Yes, there was this one book about a kid with a pet dolphin who lived with his scientist parents in an undersea lab. He spent his days swimming free in the warm Caribbean waters accompanied, and kept safe, by his dolphin buddy. A fierce, intelligent pet without peer. As I write this, I realize the pet dolphin may have been a big part of why I escaped into this particular story. My pet, a dog named Max, didn’t adjust well to our move. He unlearned his house training and got mean (he bit me twice). No longer boy’s best friend, Max was shipped off to the local animal shelter, leaving me just a little bit more alone.

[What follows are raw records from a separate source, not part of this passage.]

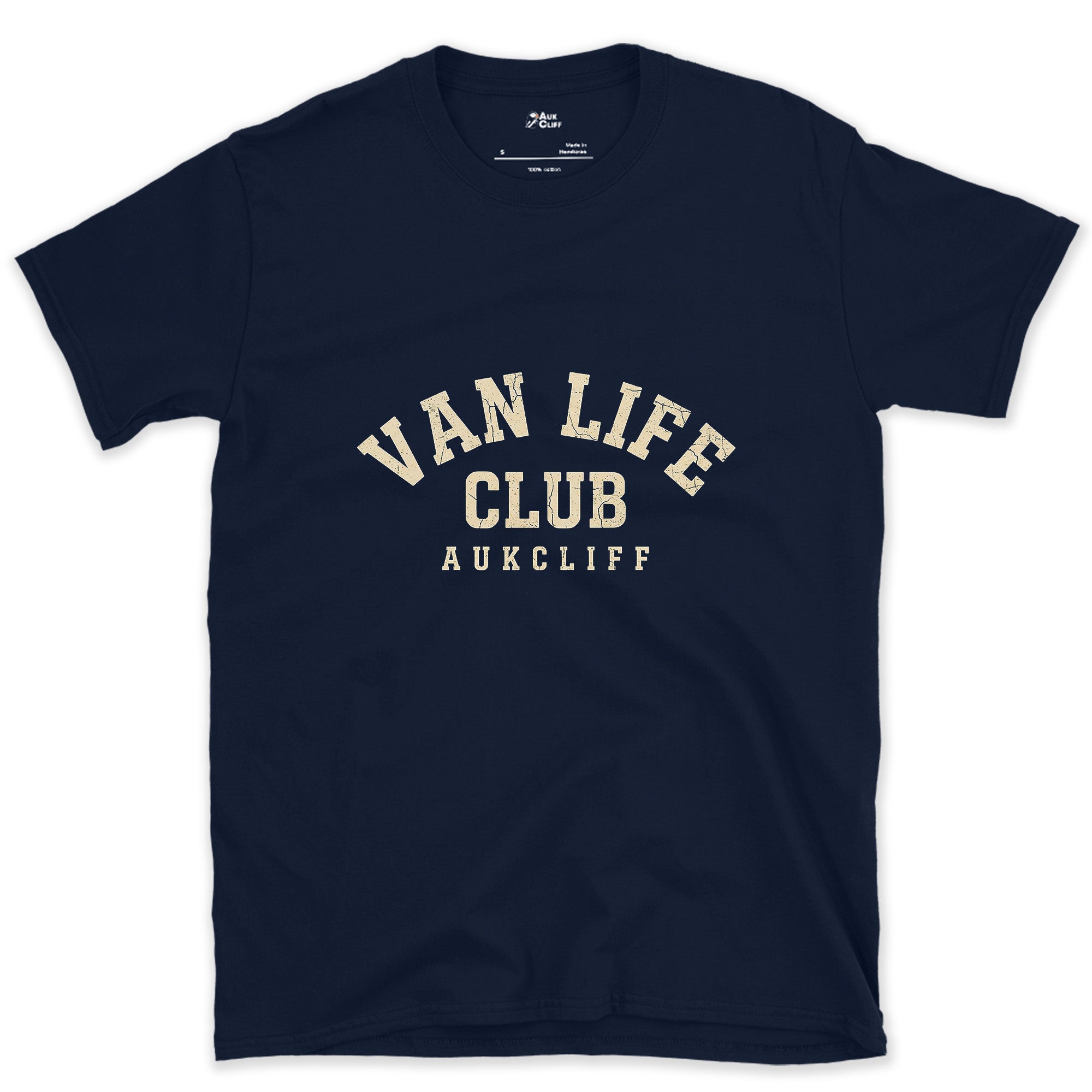 Van Life Club, Nothing But the Lettering Itself design on a Navy Gildan Softstyle t-shirt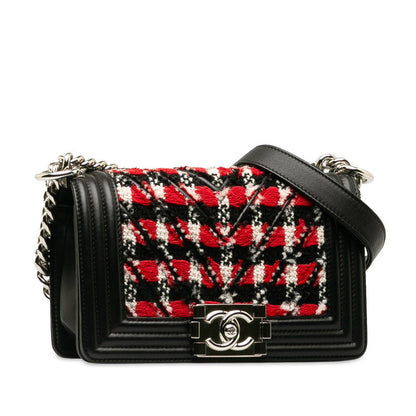 Tweed Chevron Boy Shoulder Bag - '10s
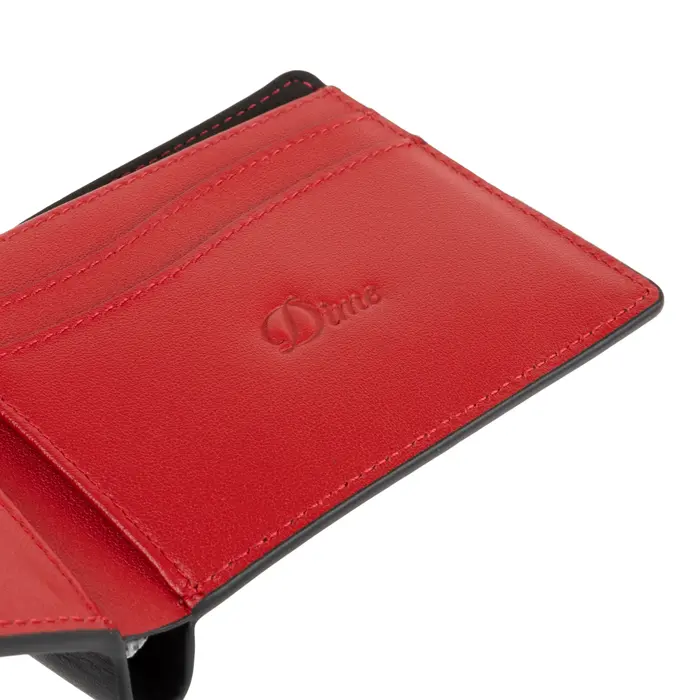 Dime Leather Bifold Wallet - Balck/Cherry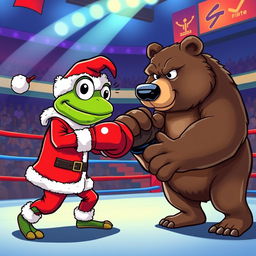 A dynamic scene in a boxing arena where a cartoonish character resembling a frog, dressed as Santa Claus with a red suit and hat, is engaged in a playful boxing match with a large, cartoon-style bear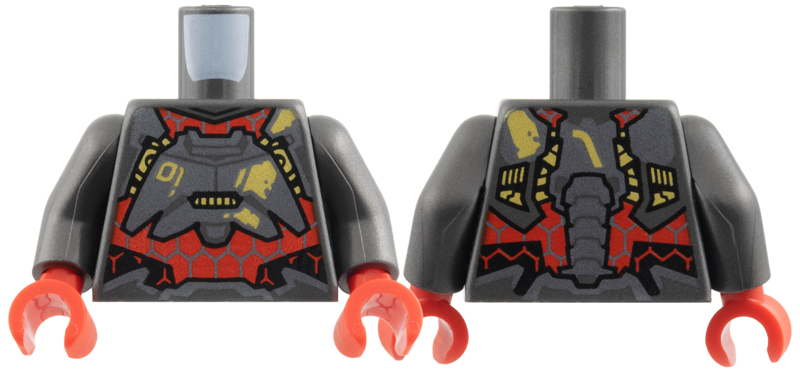 Torso Armor over Red Mesh, Gold '01' and Markings Pattern / Pearl Dark Gray Arms / Red Hands in Pearl Dark Gray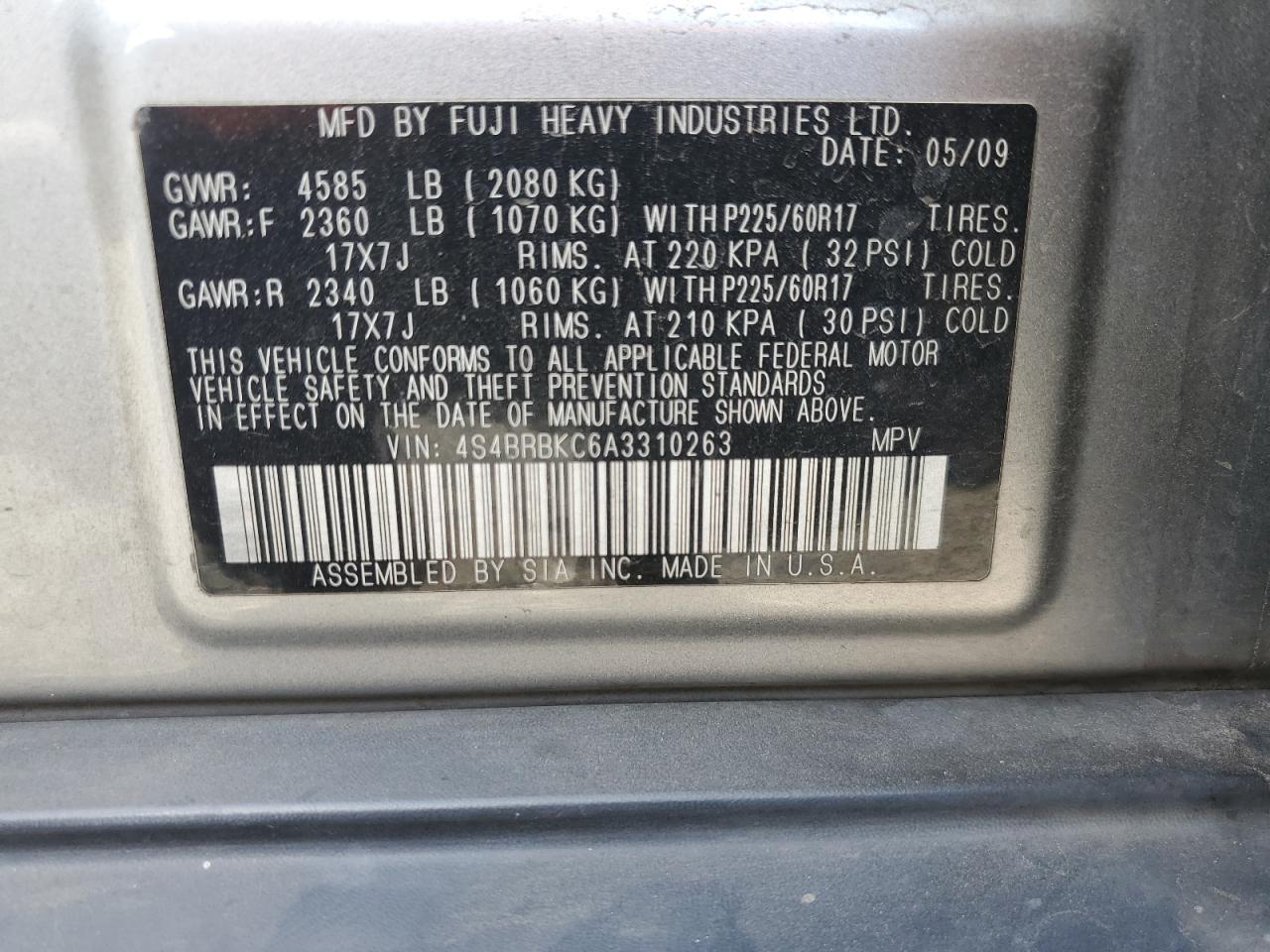 2010 Subaru Outback 2.5I Limited VIN: 4S4BRBKC6A3310263 Lot: 92493405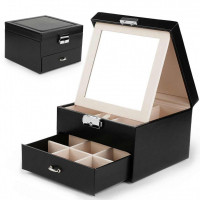 Elegantný kufor na šperky so zrkadlom, čierna Elegantný kufor na šperky so zrkadlom, čierna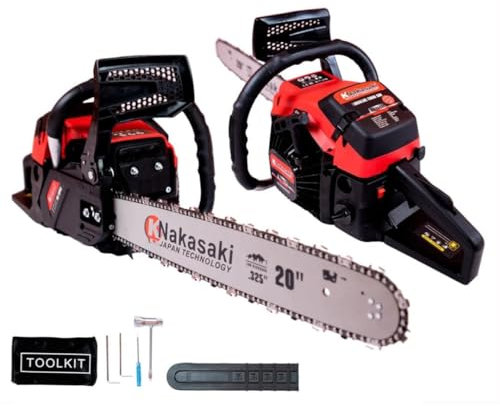 Motosierra Gasolina Knakasaki 78cc | Potente Motor, Espada 20 Pulgadas, Alta Durabilidad, Corte Preciso, Kit Completo de Montaje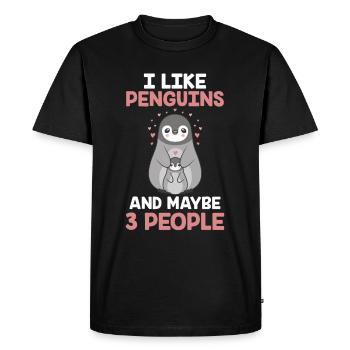 J’aime les pingouins et peut-être 3 personnes animaux - T-shirt Premium bio Homme - noir - Devant - Nico (187cm)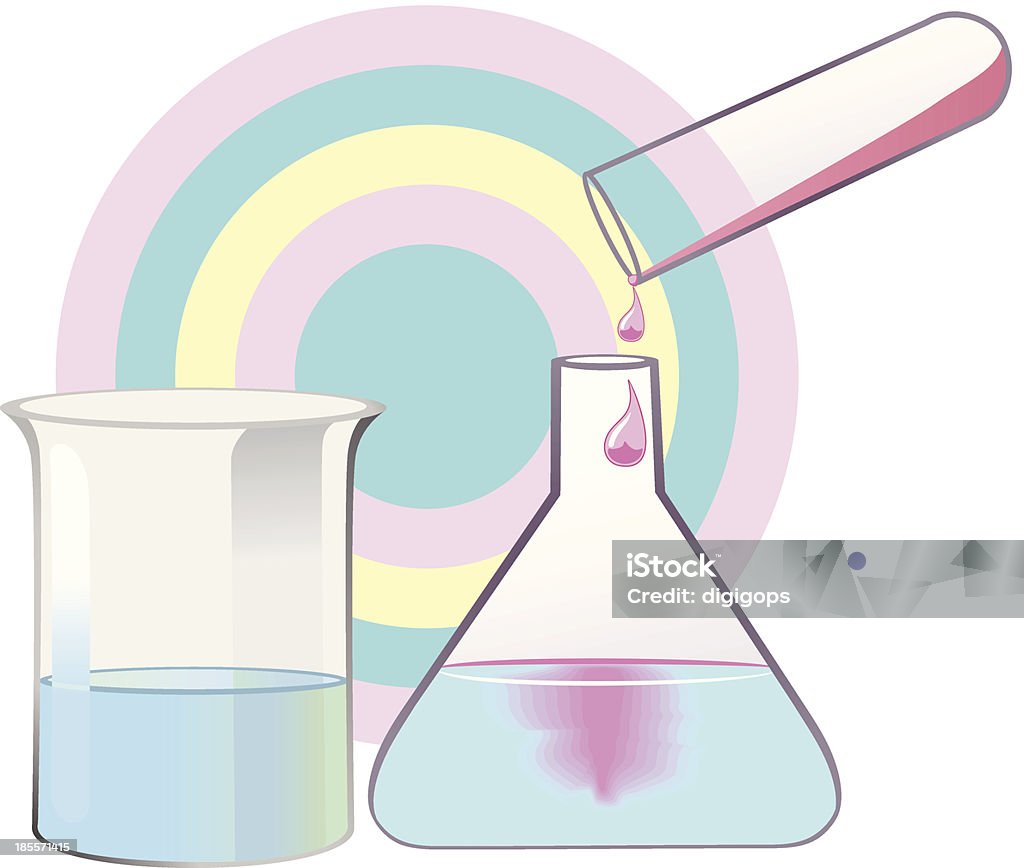 Elementos de vidrio - arte vectorial de Clase de quimica libre de derechos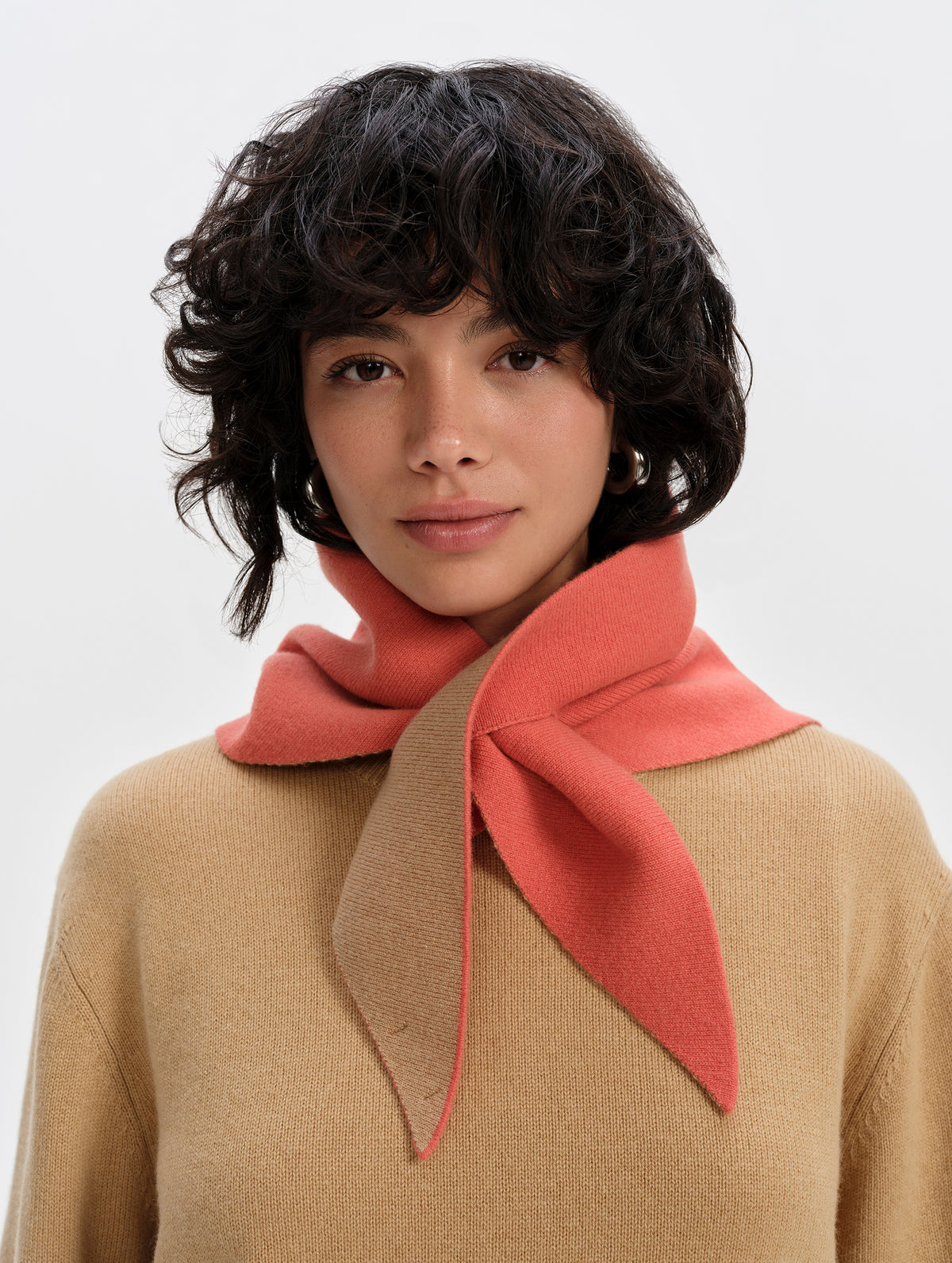 Karina Triangle Cashmere Scarf - Madeira Orange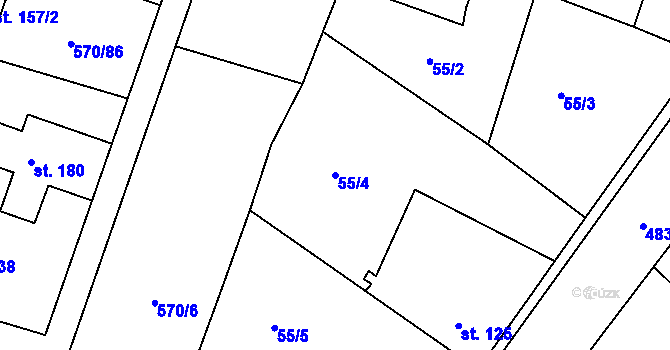 Parcela st. 55/4 v KÚ Jabkenice, Katastrální mapa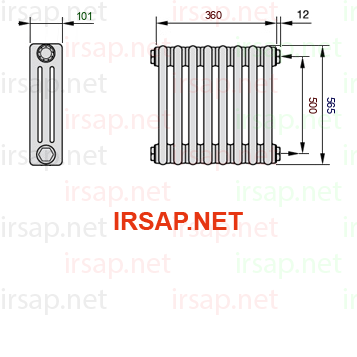 чертеж радиатора Irsap Tesi 30565-0830565-8-30-01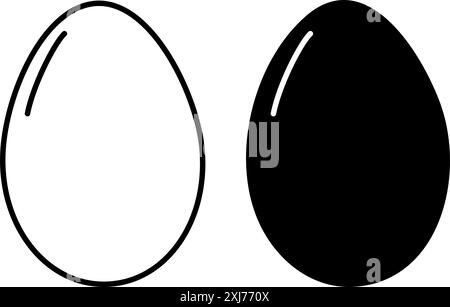 Silhouette and outline whole Chicken eggs in shell. Logo, sticker, icon, recipe or menu cards idea. EPS. Vector. Posters, banner, brochures, price tag, label or web, billboard, promo design concept Stock Vector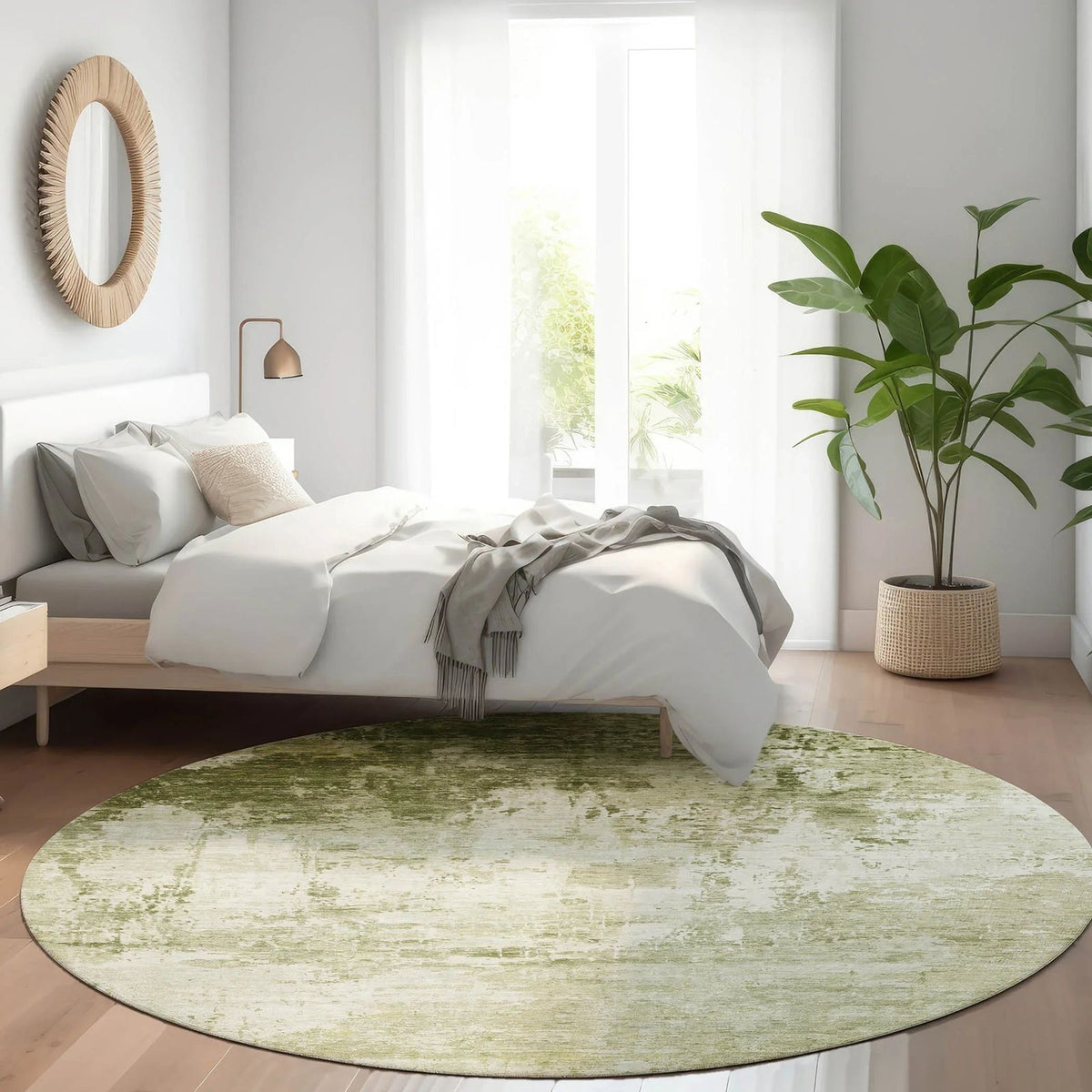 Kaelira Green Washable Indoor-Outdoor Rug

Now here’s the thing. I’ve remembered everything about that book for decades, except, of course, the title and the author. But I recognized the cover when I saw it, and may have let out a little, audible gasp. I reached for it, feeling transported to a hallway in a small school a couple of decades in the past. Seeing in my mind’s eye, the hands of a lonely boy reaching with me. My past, my present, interwoven in a momentary fold of time.

Have you ever experienced that feeling? Long form déjà vu. A glitch in the matrix. A sense memory freed from the subconscious. The lingering, feathery touch of the eternal now. One with the universe.

Books can do that.

Secret Under the Sea, by Gordon R. Dickson.
Reunited at last!

The book? It’s not a classic. You’ve probably never heard of it, although it spawned two sequels (thank you, Internet). It’s a simple “sci-fi boys adventure” book in a style popular at the time of its writing. But the author! The author is a notable science fiction writer, who’s novels and collections of short stories I devoured throughout middle school and into college. That was the greatest surprise to me. This formative book, authorship long forgot, was penned by someone that was at one time a favorite. Were my tastes formed by this book, or already in place at the age of seven?

The book is Secret under the Sea by Gordon R. Dickson. Never heard of it, right?

But maybe you’ve heard of Mr. Dickson. He authored a pair of notable series, The Childe Cycle, and Dragon Knight.

In a mad-dash of a week, a moment of serendipity brought me great joy, reconnecting me with a favorite of childhood. A missing piece of my personal literary history revealed brought clarity to a host of reading choices made since.

All because I forgot my son’s lunchbox. A butterfly flaps its wings.

Sometimes it’s the little things.

6 comments

  1. Lynda Shoup says:

    A beautiful post, Jim. As I read it I realized that I had somewhat the same kind of feeling during Month of Poetry last year. Not identical, to be sure, but I felt a reconnecting with a part of myself.

    Glad you found that book and with it, a piece of yourself.

    • Jim says:

      Thanks Lynda. This one was so sensitive and introspective I kind of feel the need to write something about gaseous bodily functions to balance my karma. 😉

  2. Adam Rex talked about that very thing at his keynote at the Rocky Mtn SCBWI conference – being sent to a time warp back to childhood upon seeing a beloved book on a shelf.

    THAT is the magic of middle grade books in particular!